In Buddhism, where cultivation of peace of mind is the way, there is a slow disciplined journey to greater mindfulness, and for Buddhists, there is the faith that this development will help end suffering. This is a practical path, but sometimes slow going, and often you don't get where you thought were headed. In Zen and Insight meditation (I don't know much about the other schools) we are taught that visions, altered perception and spontaneous joy may happen but are not the goal, and if one is attached to these experiences it can interfere with the practice.
I realize that what I have said so far is a bit of a digression, but I hope you can see the relevance.
Are the insights, visions, and joyful emotions experienced on psychedelics 'real'? When experienced, certainly, but I think many of us have found that what we felt or saw is hard to integrate. And perhaps it was so beyond our frame of knowing that it is almost impossible to integrate, except that we have some sense of an 'other side' or 'over there' where knowledge can not follow.

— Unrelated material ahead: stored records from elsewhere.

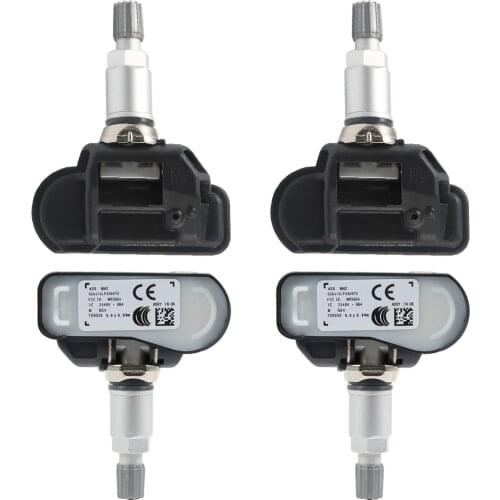 4PCS Car TPMS Tire Pressure Monitor Sensor System A0009050030 For Mercedes-Benz A B C E Class W176 W246 W205 W212 GLE GLK GLC
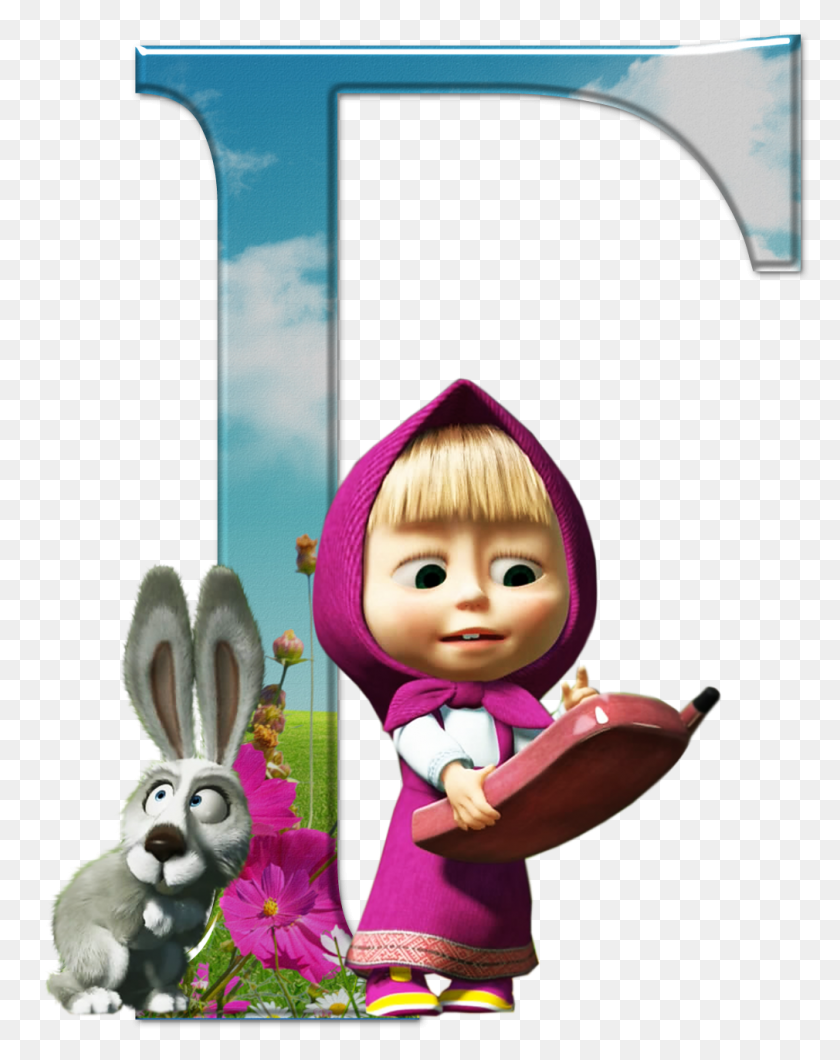 1010x1295 Tinkerbell Yandex Disk Ale Ideas Para Alphabet Masha And The Bear Letters, Doll, Toy, Figurine HD PNG Download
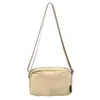 Bolso de Hombro Sencillo de Color Sólido para Mujer 2026 Nueva Moda Bolso Cruzado Casual Ligero Elegante para Teléfono Móvil Bolsa Deportiva para Viajes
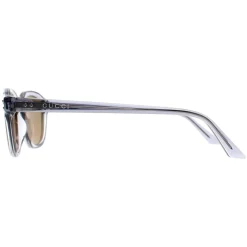 Gucci Gucci|Square^Sunglasses GG1892S 005 Transparent Grey Brown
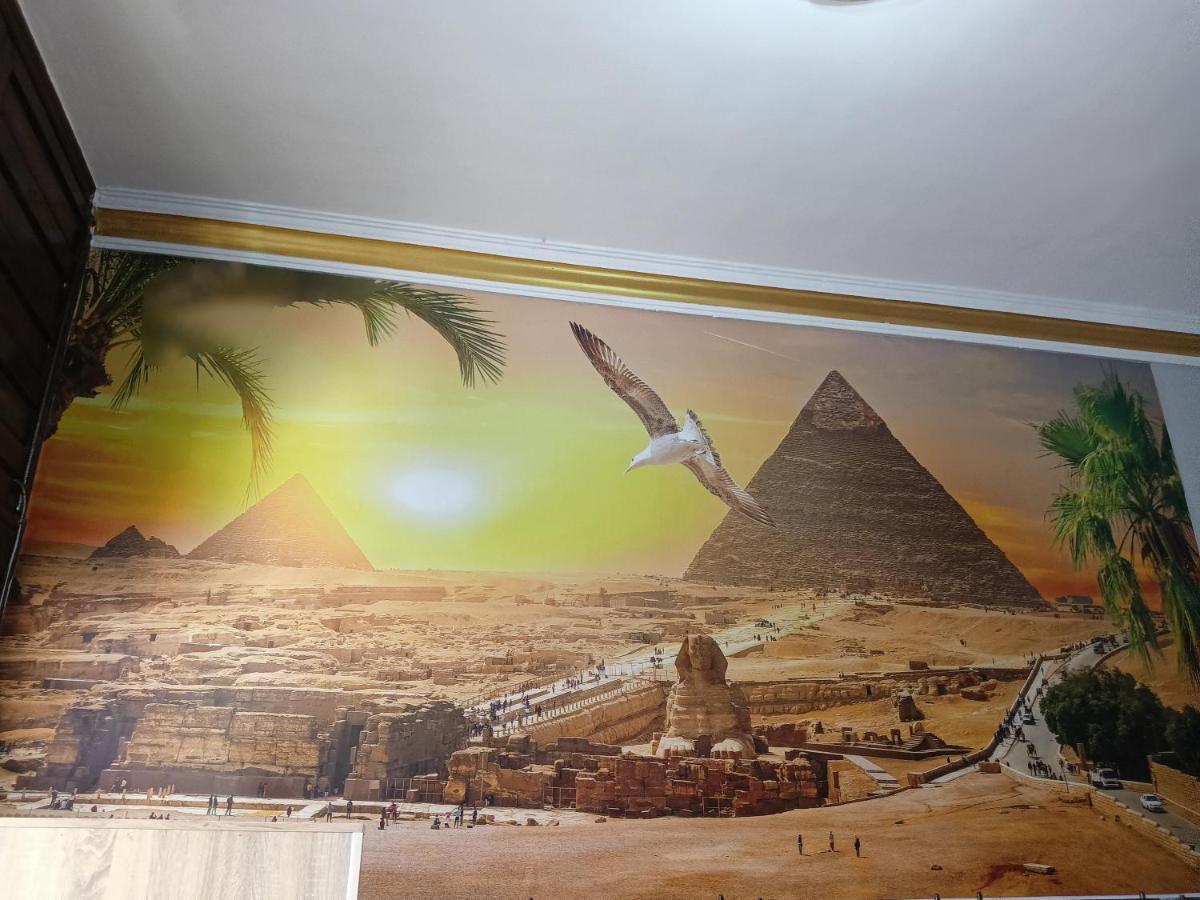 Mesho Falcon Pyramids View Inn Kafrat al Jabal Ngoại thất bức ảnh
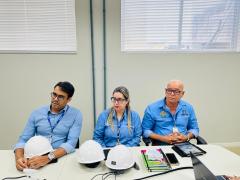 CTB recebe o Crea-Ba e reforça transparência e qualidade nas obras do VLT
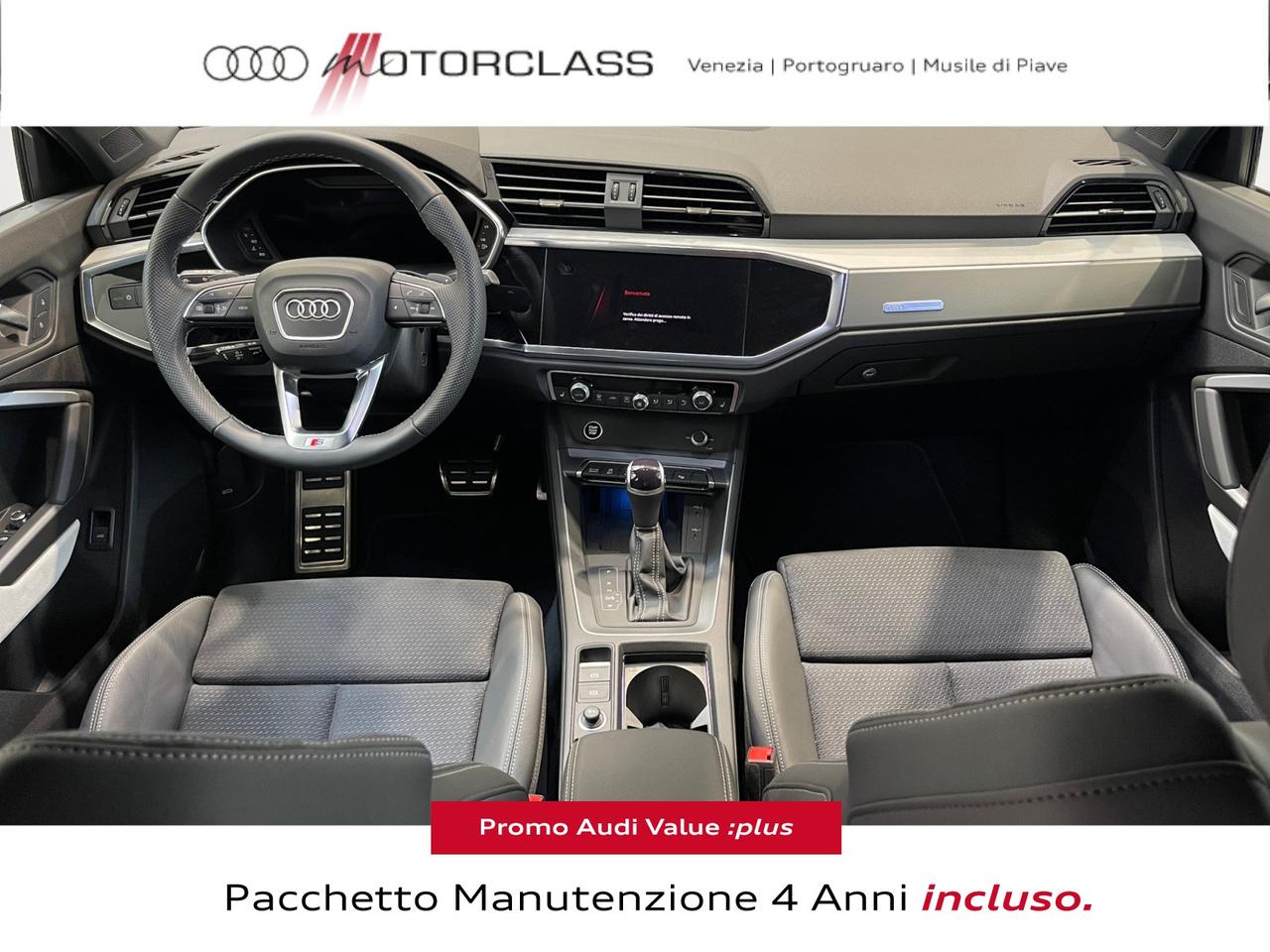 Audi Q3 sportback 35 2.0 tdi s line edition s tronic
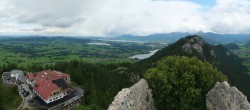 Archiv Foto Webcam Ausblick Burgruine Falkenstein 13:00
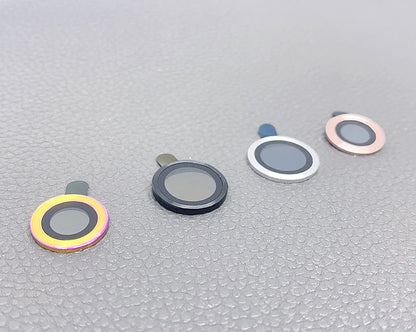 Alloy glass lens film camera screen protector for iPhone TX03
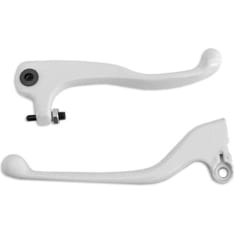 TNT Derbi Senda DRD white lever set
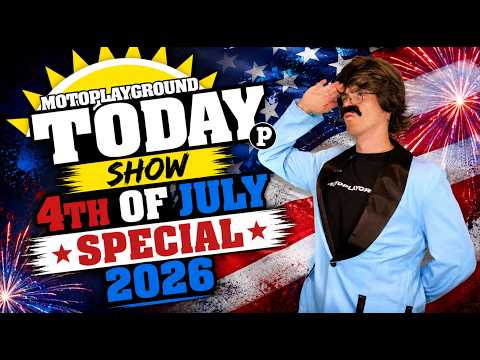 Motoplayground Today Show 4th of July special.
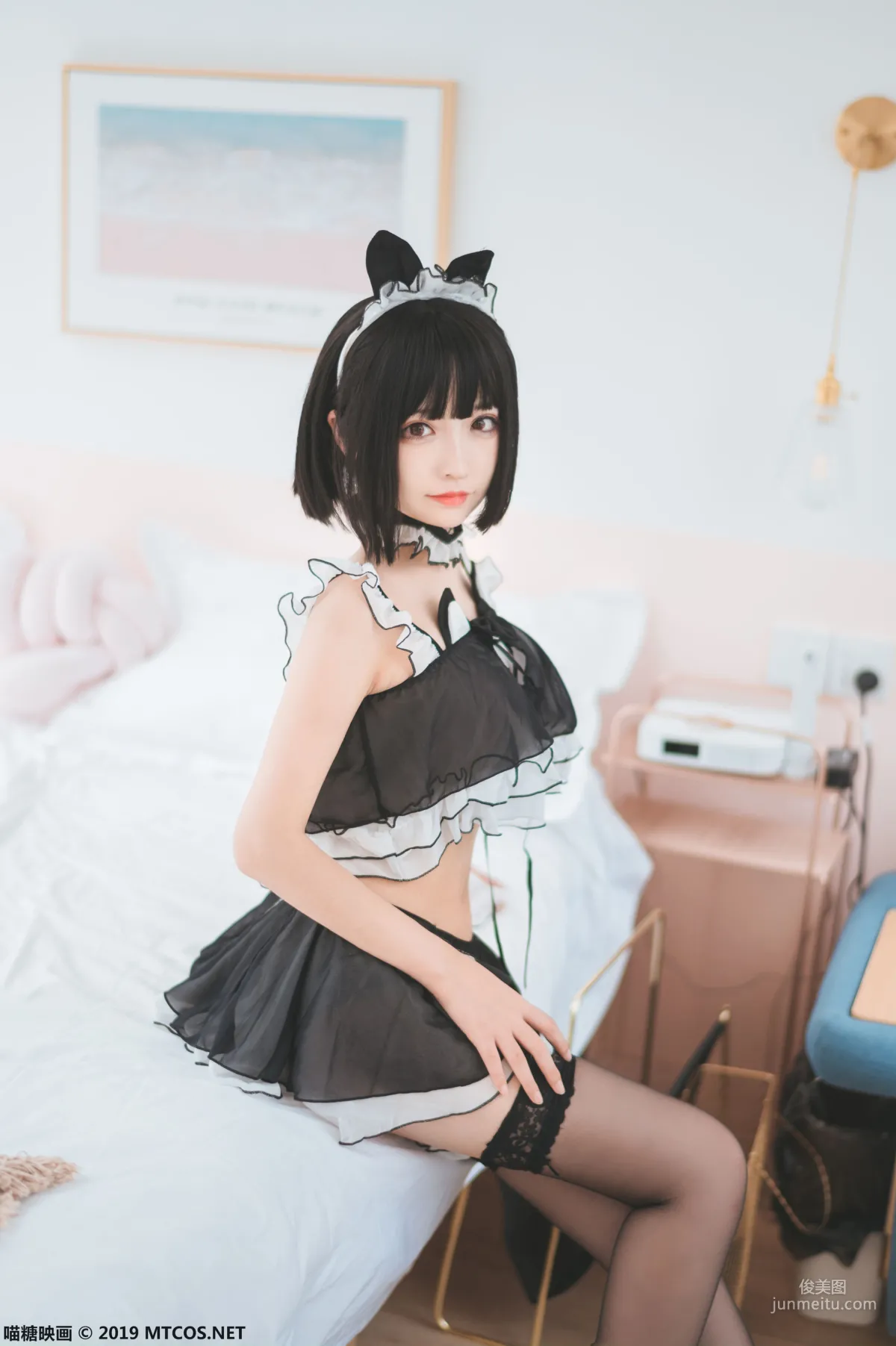 《黑丝猫耳》 [喵糖映画] VOL.060 写真集1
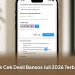 Link Cek Desil Bansos Juli 2026 Terbaru, Cek Status Penerima Hanya Dengan NIK KTP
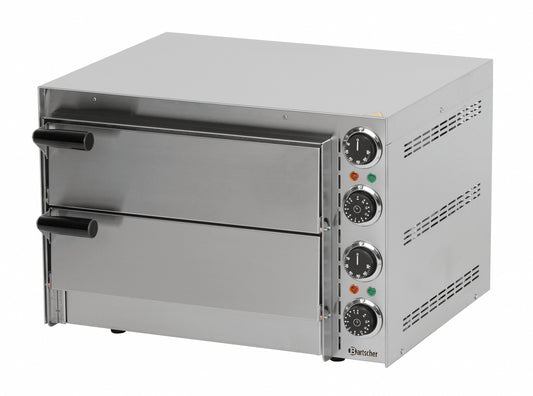 Pizzaofen Mini 2, 2 Backkammern | Bartscher 203500 - Bartscher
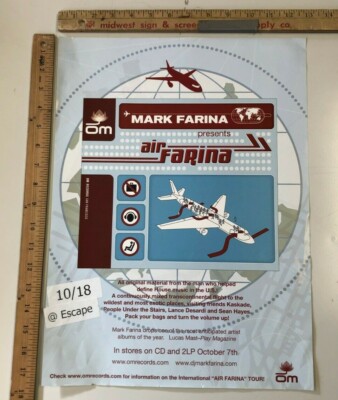 Mark Farina – Air Farina USオリジナル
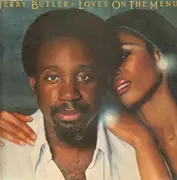 LP - Jerry Butler - Love's On The Menu
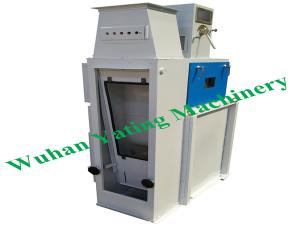 China Modern Rice Mill Huller Rubber Roller Rice Husker 3-5 Ton Per Hour factory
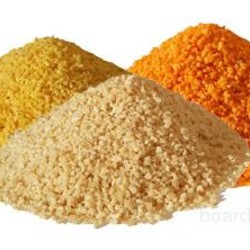 Блюда с панировочными сухарями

But are these sort of suddenly transcendent experiences limited to drugs? How often in a moment of resolution have we said 'I am through being resentful; I forgive all people!' and then, two weeks later, we are again bitter with our co-workers, blaming of our family and so on. And yet we were quite sincere in our resolutions! How often will we find ourselves totally enamored of another person, feeling indeed a divine presence in our love for them, and then as quickly as it came it disappears, and all we have left are trivial criticisms: she was superficial, she was flighty. And yet we only two months before loved her with what we thought was the extent of our whole being!
As you can tell, I am heavily influenced by Buddhist thought and am here speaking of the nature of impermanence. Not real, not fake.
Now, I do not mean to say that forgiveness and love are totally relative! I belive with utmost conviction that we should move toward greater forgiveness and love. But at times, as if from a mountain peek, we get a glimpse of our destination and feel as if we have arrived, only to find that the road is still a long travel! What the wisdom traditions teach us is that the love is in the journey not the destination ... even so far that the epiphany is not delusion but itself a part of the enfolfing life.
In some regard, what the Priest said has value: is it useful, is it healthy?
Some people eat mushrooms every so often, do not become attached to their transcendent experience, find a wholeness or a freedom or a new way in their experience, and integrate or perhaps do not integrate the experience and are happy. That is a way.
Also of course people dabble in cocaine at parties, under the influence feel 'connected' to their friends, feel motivated, feel 'real' and become attached to this authenticity so much that real life begins to feel barren and more and more they return to the drug until that is the one and only part of their life with any consistency or passion! This is also a way.
(maybe it is wrong of me to use those particular drugs as an example, but that's my prejudice)
As monkeyjunky noted, the visions and epiphanies of prophets and saints were in many cases precipitated by fasting, and some have speculated that various spiritual teachers may have been epileptic or bi-polar or so on. The life of a prophet or saint is not necessarily the easiest path but for some that is their calling.
So, the Buddhists say beware attachment to the fruits of the experience and I say the same!